Atualização 062 - EM CIMA DO TELHADO
BIOGRAFIA
TEMPORADA DE CAÇA AOS GNOMOS
Bárbara Helena
Armei o fuzil, acertei a mira e me ajeitei no telhado. 

Eles costumam aparecer assim que a noite cai, quando o sereno começa a ensopar as folhas. Alguns andam em bando, mas a maioria prefere o trabalho solitário. São estes que preciso matar. Os que destroem o sono e impedem a vinda do dia tranqüilo.

Há um perfume excessivo no ar, damas-da-noite, flores que, como eles, não se deitam na hora do sono, mas despertam para infernizar quem precisa dormir. Elas recendem mais do que normal, logo hoje que preciso de todos os sentidos despertos.

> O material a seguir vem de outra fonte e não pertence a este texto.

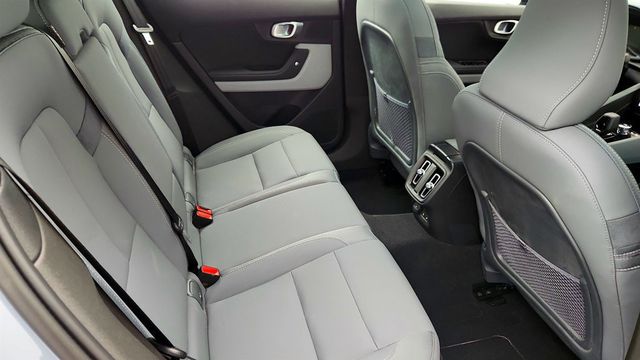 2024 Polestar 2 Long Range Dual Motor with 19'' Wheels (276-mile range) - 22971768 - 20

O telhado não é um local confortável para esperar. 

E a escuridão parece opressiva no tempo do aguardo.

Outras damas da madrugada passam em bando, rindo, com colares e brincos que iluminam a noite. Logo se enfurnam em portas de luzes vermelhas, para onde os homens irão, como carneiros, atrás delas.

É tudo culpa dos malditos. Cada pequeno desvio é serviço deles.

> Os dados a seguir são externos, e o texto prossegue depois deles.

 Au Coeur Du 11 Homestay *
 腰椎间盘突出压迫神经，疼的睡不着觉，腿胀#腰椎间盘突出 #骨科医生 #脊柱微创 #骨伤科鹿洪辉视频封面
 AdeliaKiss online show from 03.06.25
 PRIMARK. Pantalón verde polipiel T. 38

Quando leite ferve e se espalha pelo fogão, empesteando a casa com seu cheiro azedo. Quando o gato queima o rabo na lareira, quando as crianças não querem sossegar e as mulheres ficam com o diabo no corpo exigindo a lua. Tudo culpa dos pequenos.

Porque não apareceram ainda?

Será que pressentiram meu vulto aqui, à espera deles? São espertos os danados. Mas não... a escuridão é minha aliada e com esta capa negra, o chapéu e a máscara fico invisível na noite sem lua. 

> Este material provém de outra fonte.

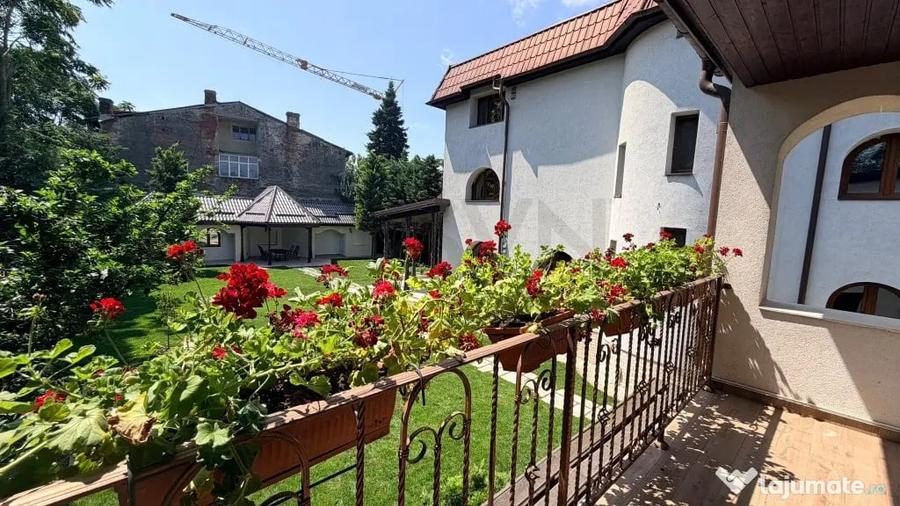Casă cu 7 camere cu Teren 1000 Mp în Unirii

Tenho câimbras na perna direita sobre a qual apoio meu corpo ajoelhado. Tento me ajeitar, um pedaço de telha se desprende e vai cair lá embaixo com um barulho seco. Meu coração se acelera, mas nenhum ruído percorre a rua silenciosa. Volto a me ajeitar com cuidado.

Estou aqui há uma hora e nenhum deles apareceu. É sempre assim. Quando se está preparado, a coisa desanda. 

Tudo culpa deles.

Acordo com as risadas. Meninos, lá embaixo, olham em direção ao telhado. Estão indo para o colégio, vejo seus uniformes todos iguais e riem de mim. Faço um sinal obsceno e um deles joga uma pedra que quase me acerta o polegar. Repito os sinais, agora enfurecido, mas apenas riem mais forte e vão embora. Desgraçados. Também é culpa dos pequenos esta vileza.

Por isto estou aqui, esperando para caçá-los.

Pessoas passam na rua apontam para mim, riem e brincam. Acenam. Percebo que alguns estão preocupados.

Idiotas. Sei o que estou fazendo e não me importo com críticas ou medos. 

Depois vieram os bombeiros, a polícia, todo o bando de ineptos querendo me tirar daqui. 

Mas eu não saio.

Ao fim de alguns dias, desistiram. 

Depois de semanas já nem olham para mim. Acostumaram-se com minha figura no telhado. Almas caridosas me oferecem comida e aceito porque preciso viver para minha missão.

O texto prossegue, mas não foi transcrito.